The problem - When you reach the records below, output each one exactly.

[Records from a data collection]
Content starts

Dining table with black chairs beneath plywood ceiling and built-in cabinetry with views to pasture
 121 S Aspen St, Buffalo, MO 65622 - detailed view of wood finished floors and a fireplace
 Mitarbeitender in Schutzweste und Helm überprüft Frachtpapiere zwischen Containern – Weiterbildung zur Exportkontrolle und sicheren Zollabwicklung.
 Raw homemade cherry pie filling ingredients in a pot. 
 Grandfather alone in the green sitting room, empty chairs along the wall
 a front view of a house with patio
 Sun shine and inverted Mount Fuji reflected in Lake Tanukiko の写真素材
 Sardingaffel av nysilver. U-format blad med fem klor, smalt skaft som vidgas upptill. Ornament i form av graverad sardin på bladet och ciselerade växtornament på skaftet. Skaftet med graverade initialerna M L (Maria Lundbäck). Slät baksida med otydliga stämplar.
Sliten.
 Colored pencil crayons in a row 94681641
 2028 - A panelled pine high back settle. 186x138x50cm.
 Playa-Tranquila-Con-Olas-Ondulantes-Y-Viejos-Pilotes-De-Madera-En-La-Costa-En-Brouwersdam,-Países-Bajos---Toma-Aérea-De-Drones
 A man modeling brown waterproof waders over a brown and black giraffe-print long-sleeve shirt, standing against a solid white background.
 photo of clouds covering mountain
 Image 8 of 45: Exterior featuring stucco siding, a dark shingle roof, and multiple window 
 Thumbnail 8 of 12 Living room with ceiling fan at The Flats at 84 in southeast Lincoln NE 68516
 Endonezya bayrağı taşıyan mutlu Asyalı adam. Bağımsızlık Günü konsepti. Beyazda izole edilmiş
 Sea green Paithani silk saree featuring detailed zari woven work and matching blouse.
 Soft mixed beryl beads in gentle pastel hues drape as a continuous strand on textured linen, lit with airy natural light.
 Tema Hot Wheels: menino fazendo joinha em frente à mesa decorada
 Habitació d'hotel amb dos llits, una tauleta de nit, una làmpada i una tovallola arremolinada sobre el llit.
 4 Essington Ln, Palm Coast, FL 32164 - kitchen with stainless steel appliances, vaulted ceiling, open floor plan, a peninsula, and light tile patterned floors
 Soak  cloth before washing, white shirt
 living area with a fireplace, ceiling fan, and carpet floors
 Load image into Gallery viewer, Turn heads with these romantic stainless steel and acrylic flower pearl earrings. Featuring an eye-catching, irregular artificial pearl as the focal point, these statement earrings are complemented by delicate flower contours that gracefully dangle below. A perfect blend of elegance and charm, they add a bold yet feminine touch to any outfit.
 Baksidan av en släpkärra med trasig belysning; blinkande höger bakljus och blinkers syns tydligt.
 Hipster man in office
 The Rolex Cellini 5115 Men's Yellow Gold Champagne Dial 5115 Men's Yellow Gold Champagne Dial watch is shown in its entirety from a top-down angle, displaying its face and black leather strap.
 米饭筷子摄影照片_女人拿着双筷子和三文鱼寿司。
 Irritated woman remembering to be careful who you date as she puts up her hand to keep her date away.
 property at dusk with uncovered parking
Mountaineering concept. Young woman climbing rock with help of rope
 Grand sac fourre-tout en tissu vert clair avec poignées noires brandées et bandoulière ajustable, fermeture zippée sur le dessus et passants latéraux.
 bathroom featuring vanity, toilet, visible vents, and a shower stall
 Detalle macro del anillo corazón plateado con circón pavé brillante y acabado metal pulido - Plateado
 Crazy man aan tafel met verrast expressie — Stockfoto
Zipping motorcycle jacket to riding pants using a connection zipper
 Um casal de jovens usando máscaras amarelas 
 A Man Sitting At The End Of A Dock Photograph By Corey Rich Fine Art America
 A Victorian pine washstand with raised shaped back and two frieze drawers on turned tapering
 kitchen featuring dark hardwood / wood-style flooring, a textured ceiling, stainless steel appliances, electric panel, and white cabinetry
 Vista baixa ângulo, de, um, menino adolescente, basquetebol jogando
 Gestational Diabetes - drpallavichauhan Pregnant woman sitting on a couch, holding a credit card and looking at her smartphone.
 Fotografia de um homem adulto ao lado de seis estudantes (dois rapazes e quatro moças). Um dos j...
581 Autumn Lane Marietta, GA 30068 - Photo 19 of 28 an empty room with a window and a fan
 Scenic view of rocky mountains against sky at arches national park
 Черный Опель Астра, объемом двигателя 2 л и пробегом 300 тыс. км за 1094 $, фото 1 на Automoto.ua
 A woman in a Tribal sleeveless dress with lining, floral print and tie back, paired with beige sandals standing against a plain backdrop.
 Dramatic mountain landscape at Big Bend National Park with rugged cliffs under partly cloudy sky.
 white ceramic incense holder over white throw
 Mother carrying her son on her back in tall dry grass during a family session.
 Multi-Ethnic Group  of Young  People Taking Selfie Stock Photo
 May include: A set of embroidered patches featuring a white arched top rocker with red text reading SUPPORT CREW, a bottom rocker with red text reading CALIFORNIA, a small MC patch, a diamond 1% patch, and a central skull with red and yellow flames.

Content ends

The completed task -
Dining table with black chairs beneath plywood ceiling and built-in cabinetry with views to pasture
 121 S Aspen St, Buffalo, MO 65622 - detailed view of wood finished floors and a fireplace
 Mitarbeitender in Schutzweste und Helm überprüft Frachtpapiere zwischen Containern – Weiterbildung zur Exportkontrolle und sicheren Zollabwicklung.
 Raw homemade cherry pie filling ingredients in a pot. 
 Grandfather alone in the green sitting room, empty chairs along the wall
 a front view of a house with patio
 Sun shine and inverted Mount Fuji reflected in Lake Tanukiko の写真素材
 Sardingaffel av nysilver. U-format blad med fem klor, smalt skaft som vidgas upptill. Ornament i form av graverad sardin på bladet och ciselerade växtornament på skaftet. Skaftet med graverade initialerna M L (Maria Lundbäck). Slät baksida med otydliga stämplar.
Sliten.
 Colored pencil crayons in a row 94681641
 2028 - A panelled pine high back settle. 186x138x50cm.
 Playa-Tranquila-Con-Olas-Ondulantes-Y-Viejos-Pilotes-De-Madera-En-La-Costa-En-Brouwersdam,-Países-Bajos---Toma-Aérea-De-Drones
 A man modeling brown waterproof waders over a brown and black giraffe-print long-sleeve shirt, standing against a solid white background.
 photo of clouds covering mountain
 Image 8 of 45: Exterior featuring stucco siding, a dark shingle roof, and multiple window 
 Thumbnail 8 of 12 Living room with ceiling fan at The Flats at 84 in southeast Lincoln NE 68516
 Endonezya bayrağı taşıyan mutlu Asyalı adam. Bağımsızlık Günü konsepti. Beyazda izole edilmiş
 Sea green Paithani silk saree featuring detailed zari woven work and matching blouse.
 Soft mixed beryl beads in gentle pastel hues drape as a continuous strand on textured linen, lit with airy natural light.
 Tema Hot Wheels: menino fazendo joinha em frente à mesa decorada
 Habitació d'hotel amb dos llits, una tauleta de nit, una làmpada i una tovallola arremolinada sobre el llit.
 4 Essington Ln, Palm Coast, FL 32164 - kitchen with stainless steel appliances, vaulted ceiling, open floor plan, a peninsula, and light tile patterned floors
 Soak  cloth before washing, white shirt
 living area with a fireplace, ceiling fan, and carpet floors
 Load image into Gallery viewer, Turn heads with these romantic stainless steel and acrylic flower pearl earrings. Featuring an eye-catching, irregular artificial pearl as the focal point, these statement earrings are complemented by delicate flower contours that gracefully dangle below. A perfect blend of elegance and charm, they add a bold yet feminine touch to any outfit.
 Baksidan av en släpkärra med trasig belysning; blinkande höger bakljus och blinkers syns tydligt.
 Hipster man in office
 The Rolex Cellini 5115 Men's Yellow Gold Champagne Dial 5115 Men's Yellow Gold Champagne Dial watch is shown in its entirety from a top-down angle, displaying its face and black leather strap.
 米饭筷子摄影照片_女人拿着双筷子和三文鱼寿司。
 Irritated woman remembering to be careful who you date as she puts up her hand to keep her date away.
 property at dusk with uncovered parking
Mountaineering concept. Young woman climbing rock with help of rope
 Grand sac fourre-tout en tissu vert clair avec poignées noires brandées et bandoulière ajustable, fermeture zippée sur le dessus et passants latéraux.
 bathroom featuring vanity, toilet, visible vents, and a shower stall
 Detalle macro del anillo corazón plateado con circón pavé brillante y acabado metal pulido - Plateado
 Crazy man aan tafel met verrast expressie — Stockfoto
Zipping motorcycle jacket to riding pants using a connection zipper
 Um casal de jovens usando máscaras amarelas 
 A Man Sitting At The End Of A Dock Photograph By Corey Rich Fine Art America
 A Victorian pine washstand with raised shaped back and two frieze drawers on turned tapering
 kitchen featuring dark hardwood / wood-style flooring, a textured ceiling, stainless steel appliances, electric panel, and white cabinetry
 Vista baixa ângulo, de, um, menino adolescente, basquetebol jogando
 Gestational Diabetes - drpallavichauhan Pregnant woman sitting on a couch, holding a credit card and looking at her smartphone.
 Fotografia de um homem adulto ao lado de seis estudantes (dois rapazes e quatro moças). Um dos j...
581 Autumn Lane Marietta, GA 30068 - Photo 19 of 28 an empty room with a window and a fan
 Scenic view of rocky mountains against sky at arches national park
 Черный Опель Астра, объемом двигателя 2 л и пробегом 300 тыс. км за 1094 $, фото 1 на Automoto.ua
 A woman in a Tribal sleeveless dress with lining, floral print and tie back, paired with beige sandals standing against a plain backdrop.
 Dramatic mountain landscape at Big Bend National Park with rugged cliffs under partly cloudy sky.
 white ceramic incense holder over white throw
 Mother carrying her son on her back in tall dry grass during a family session.
 Multi-Ethnic Group  of Young  People Taking Selfie Stock Photo
 May include: A set of embroidered patches featuring a white arched top rocker with red text reading SUPPORT CREW, a bottom rocker with red text reading CALIFORNIA, a small MC patch, a diamond 1% patch, and a central skull with red and yellow flames.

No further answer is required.